Electric truck incentives plentiful today but won’t last forever

Some grant money vanishes when California regulations take effect

Many of the generous incentives California offers for fleets to transition to electric trucks will begin to disappear as regulations lock in. (Photo: Daimler Truck North America)

This story is part of a series concerning California’s impending regulations on zero-emissions vehicles, which have the potential to upend the American trucking industry. You can follow along with the stories here.

Generous incentives California offers to offset the cost of transitioning to electric trucks are not forever: The spiffs begin to disappear as the regulations go into effect.

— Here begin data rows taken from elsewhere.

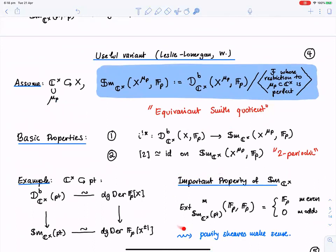On a point, the derived category D^b_{ℂ*}(pt, 𝔽_p) can be described as dg modules over the classifying space — dg modules over 𝔽_p[x]. The Smith quotient is obtained by localizing our variable, and you can think about this Smith quotient as being some kind of localization. The reason we're interested in this variant is that parity sheaves now make sense. In the ordinary Smith quotient, Hom in any degree from 𝔽_p to 𝔽_p is just 𝔽_p, which is problematic. It was Leslie and Lonergan who first worked out a way around this and pointed out that parity sheaves can make sense.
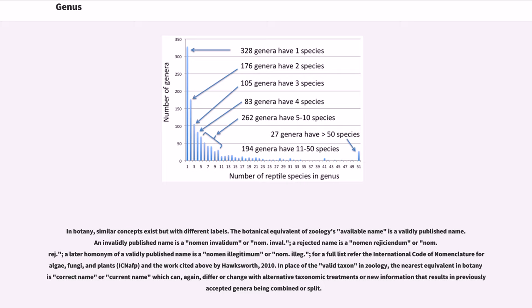In botany, similar concepts exist but with different labels. The botanical equivalent of zoology's available name is a validly published name. An invalidly published name is a nomen invalidum or nom. inval. A rejected name is a nomen rejiciendum or nom. rej. A later homonym of a validly published name is a nomen illegitimum or nom. illeg.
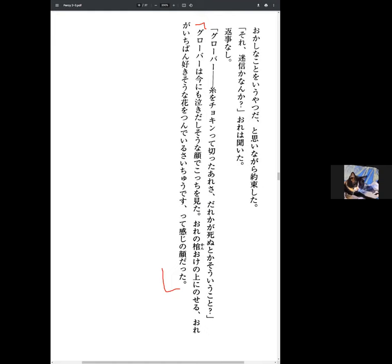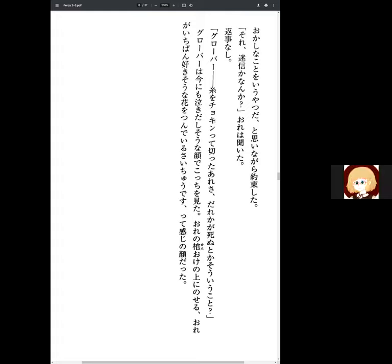Grover looked at me with the face as if he was about to cry. It was a face that had a feeling like he was putting my favorite flower on top of my coffin.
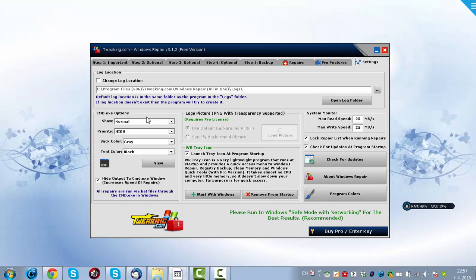And I can highly recommend Windows Repair because it really saved my computer from computer hell back to life again. So I hope it will work for your computer too, and I hope you liked this tutorial. And I hope you will be back to my channel soon. See you back next time.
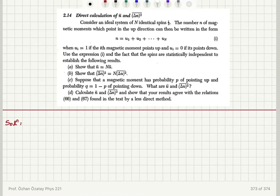Direct calculation of mean value of n and dispersion of n. Consider an ideal system of N identical spins, each with health one. The number n of magnetic moments which point in the up direction can be written as n equals u₁ + u₂ + ... + u_N, where u_i equals one if the i-th magnetic moment points up and zero if it points down.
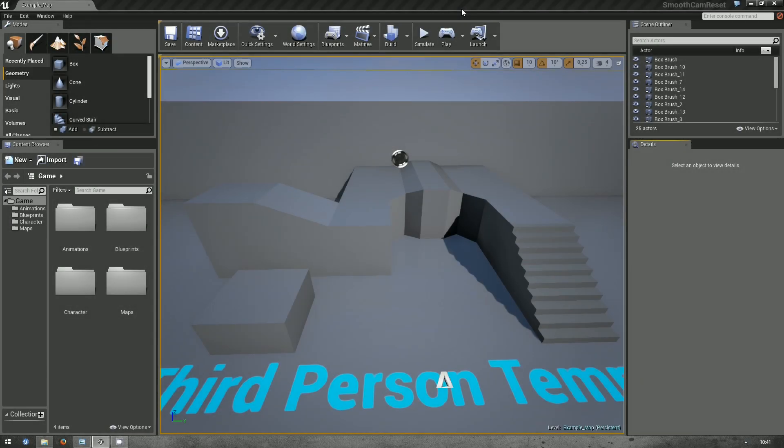Hello, my name is David. Here's another tutorial on Unreal Engine 4. Today I'll show you how to create a smooth camera reset button. So when you press the button, the camera in the third-person system will smoothly transition to be behind the player.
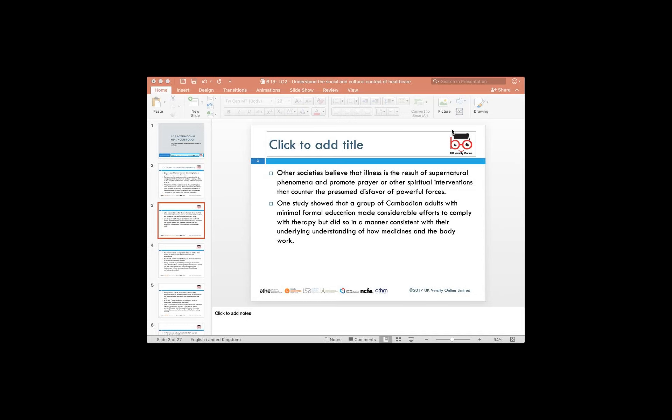One study carried out in the Asian context, primarily in Cambodia, published in an American journal in 2015 related to culture and health beliefs in society, found that in that particular society, which has very minimal formal education, adults make a considerable effort to comply with therapy if they are diagnosed with any illness — including taking medicines to make sure they are able to recover.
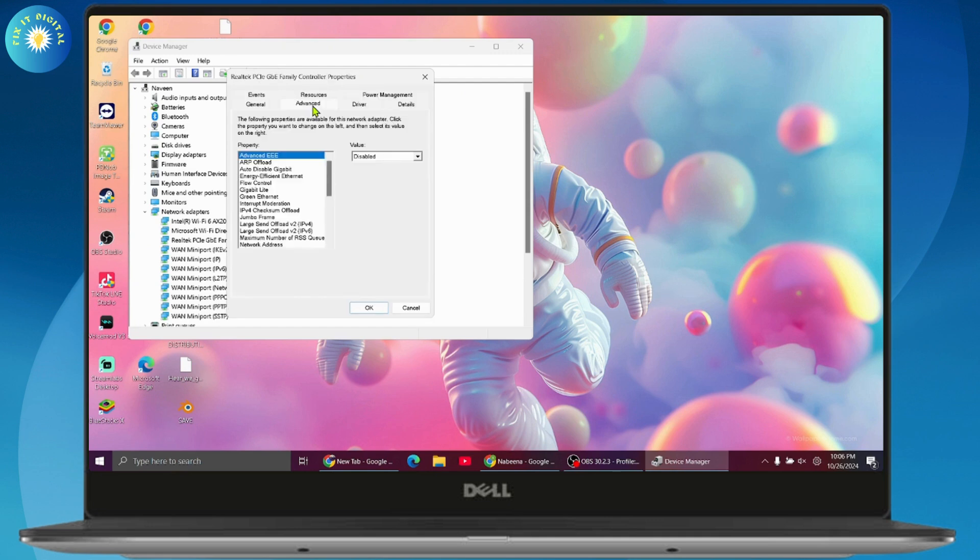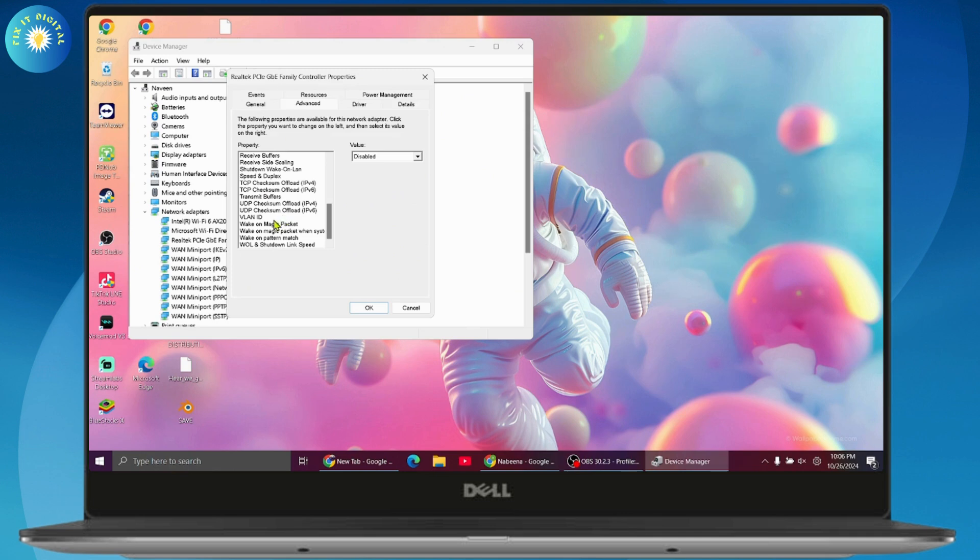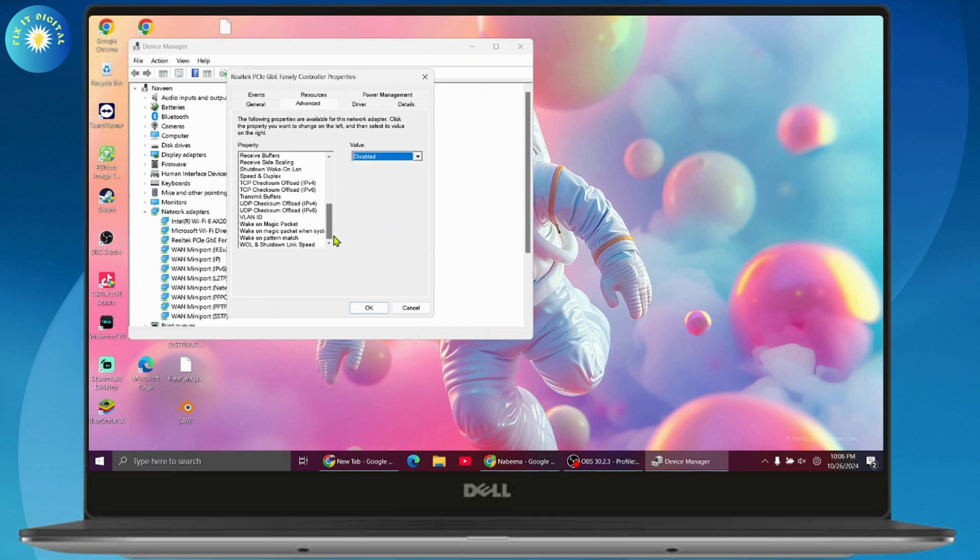Under Properties, go to the Advanced option. Under Advanced, you need to find the Wireless Mode. If you have Wireless Mode right here, select it, then go to Value and enable the value, and after that click OK.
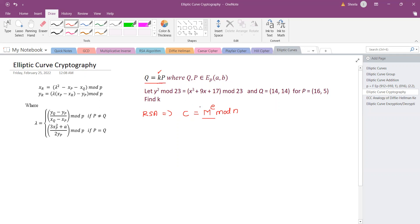Even if we know the values of ciphertext, m, and n, if we do not have knowledge of e, computing e is difficult for larger values of n. In the same way, even if we know point Q and point P on the curve, we will not know what k is — computing k is difficult with respect to elliptic curve cryptography.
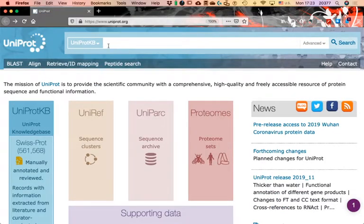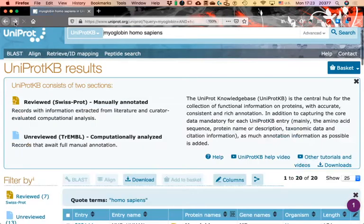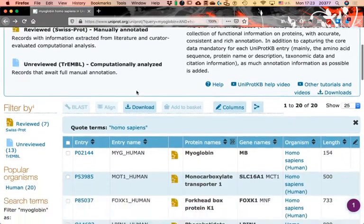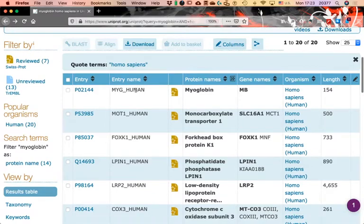Make sure you are on UniProt. Look up myoglobin in Homo sapiens, and now that you are on the results page, click on 'Columns.'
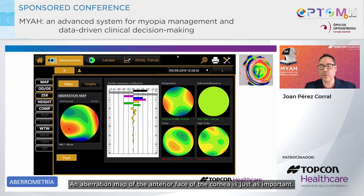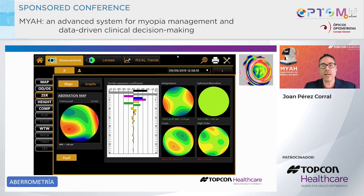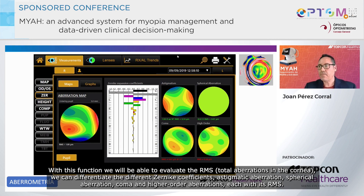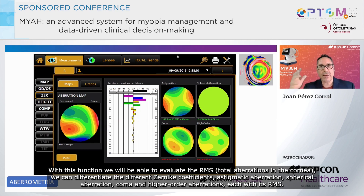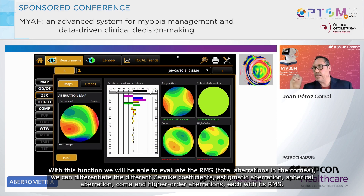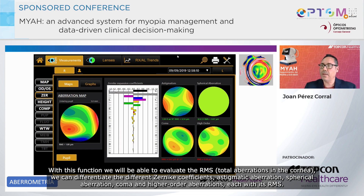An aberration map of the anterior face of the cornea is just as important. With this function we will be able to evaluate the RMS total aberrations in the cornea. We can differentiate the different Zernike coefficients: astigmatic aberration, spherical aberration, coma, and higher-order aberrations, each with its RMS.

“You typically can’t take an incentive to perform a regulated action, something you would have to do under a mandate,” said Joe Annotti, senior vice president of programs at Gladstein, Neandross & Associates (GNA). It is a Santa Monica, California, consultancy that works with fleets to prepare them for electric trucks.

The phaseout of the spiffs for electric trucks, chargers and the infrastructure to support them is a lesser-known downside.


Something similar happened to once-incentivized energy-efficiency improvements in buildings. Now that prudent energy use is the rule, there’s no financial break for doing it. 

“Once regulation takes effect, all of these perks and bennies start going away,” said Liana Rios, electric vehicle customer solutions manager at San Diego Gas & Electric (SDG&E).

No need for despair with many incentives still out there

Ample ways will remain to reduce the cost of transitioning to electric vehicles.


“This is not a coatrack with one prong that we need to hang our hat on,” Annotti said. “There’s plenty of opportunities out there to chase, and we’ll continue to see those persist.”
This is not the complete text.